We made the video at Ana's after we drove two hours to an out-of-the-way Party City to get the costumes. We put on extra clothes underneath to make us bigger and wore our dads' work gloves. Sparkly nail polish is kind of a giveaway. Melanie Jane's the one holding the football. Ana's holding a set of white card stock signs beside her. The first one is blank. She flips it to the back.

We have the Football of '76.

Flip.

You can stop peeing your pants. We're going to give it back.

People snicker all around me.

Flip.

There are some things we need to tell you first.

Flip.

Check back tomorrow if you want to know more about your Ranburne Panthers. Same time. Same site.

The video goes black.

The classroom explodes. People are excited, shocked, impressed. A few of them are angry.

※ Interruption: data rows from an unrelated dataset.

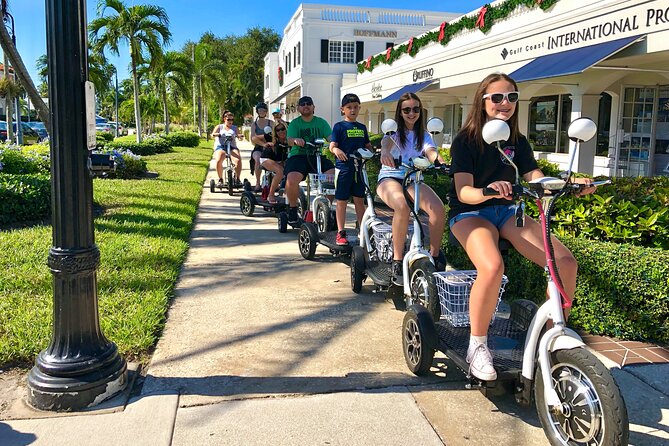Your Ride Your Adventure Trikes Mopeds Segways and Bike Tour - Reviews and Ratings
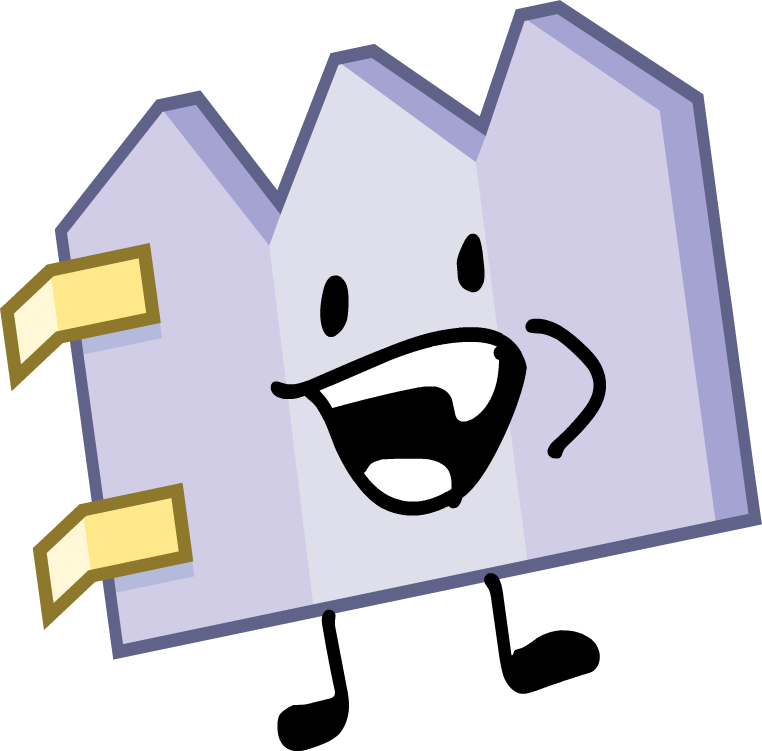 Bfb - Gaty Bfb Clipart (762x751), Png Download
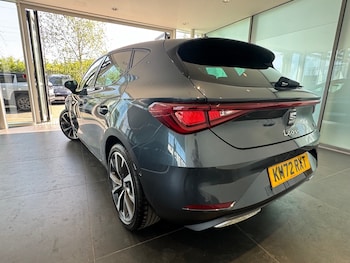 Used SEAT Leon 2022 for sale - 78293821: Photo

“I'm going to find out who those guys are. And I'm going to murder them,” says Casey.

“How do you know it's guys?” It slips out before I can help myself.

He gives me a look that clearly says he doesn't think a girl could have pulled it off.

Coach Mayes moves back to the front of the room. “All right. All right. We
do
have class today. I finished grading your quizzes.”

There's a chorus of groans, but only for a second. The video is all anyone can talk about. Best of all, sympathy for the football team is nearly nonexistent. Now that people know they're getting the football back, they just want to see what happens next. I can't wait to see what school is like for the rest of the day. I am buzzing on the inside. Man, did we look cool.